In HS, this could be a pain. In college it was easy. We built a group of six in our major who were dependable and scheduled our classes so there was generally 3-4 of us. Worked great.
For someone who mentioned work, I find it harder in work because if you are on a team project and have colleagues who either don’t pull their weight or just don’t have the skills for the project it can be a pain. Throwing someone under the bus isn’t good for a variety of reasons and if the project doesn’t meet deadlines and/or quality, you suffer with the team. I’ve picked up other’s slack many times. I think supervisors realize who the folks are who can get things done but that doesn’t mean that it’s not painful at times.
@raneck An employer cares about it getting done in time and on budget - that generally requires that multiple people do the work they need to do and 1 person can’t do everything. Every where I’ve worked we’ve always had more projects than we can get done so we are never lacking for work.

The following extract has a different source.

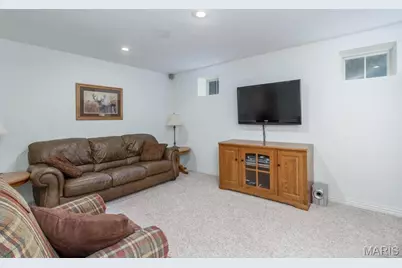 24473 Remington Lane, Lebanon, MO 65536 - Photo 56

Part of doing group projects in high school and college is learning group project management and dynamics so there is obviously an overhead for that and depending on the scale of the project it might be more than the project. It’s a step in learning. It’s better to learn project management on a small scale, low risk project than know nothing and have to do your senior project that might be a year long project. It’d be like writing a Senior Thesis with no research skills.
My main point is just to present an alternative view on the whole high school group project issue. Instead of bemoaning them and calling for their end the message to teachers/administration is that teachers need more training in using them effectively and instructing/helping students better with issues that occur.
I am a project manager for a living, and school projects are not like real life. Part of work projects is usually status reporting, and it is pretty easy to point out what part is not getting done to management. Many times that gets results – and at least the whole team is not tarred when it causes issues.
When D1 was an intern at an investment bank, they were assigned to do a group project. Each member had to present to a committee as part of their evaluation for the final job offer. There was a member who was too busy to do a lot of work. Few days before the presentation, this intern emailed other members for the final presentation. D1 told him she would do it when she got a chance, and so did other members. Because it was very competitive to get an offer, no one felt compelled to share the presentation with this non-contributing member.
In real life, people can often pick and choose who they want to work on a project. If someone is a weak link then he/she will be replaced. Therefore I think teachers should also allow students to pick their own group.
That’s like saying high school research is not like grad school research. It’s a step in the process. At my daughter’s school the major projects have status reports to the teacher. Like I said - it can be done better than the cases in this thread people are complaining about. Better training for teachers in how to use group projects is key.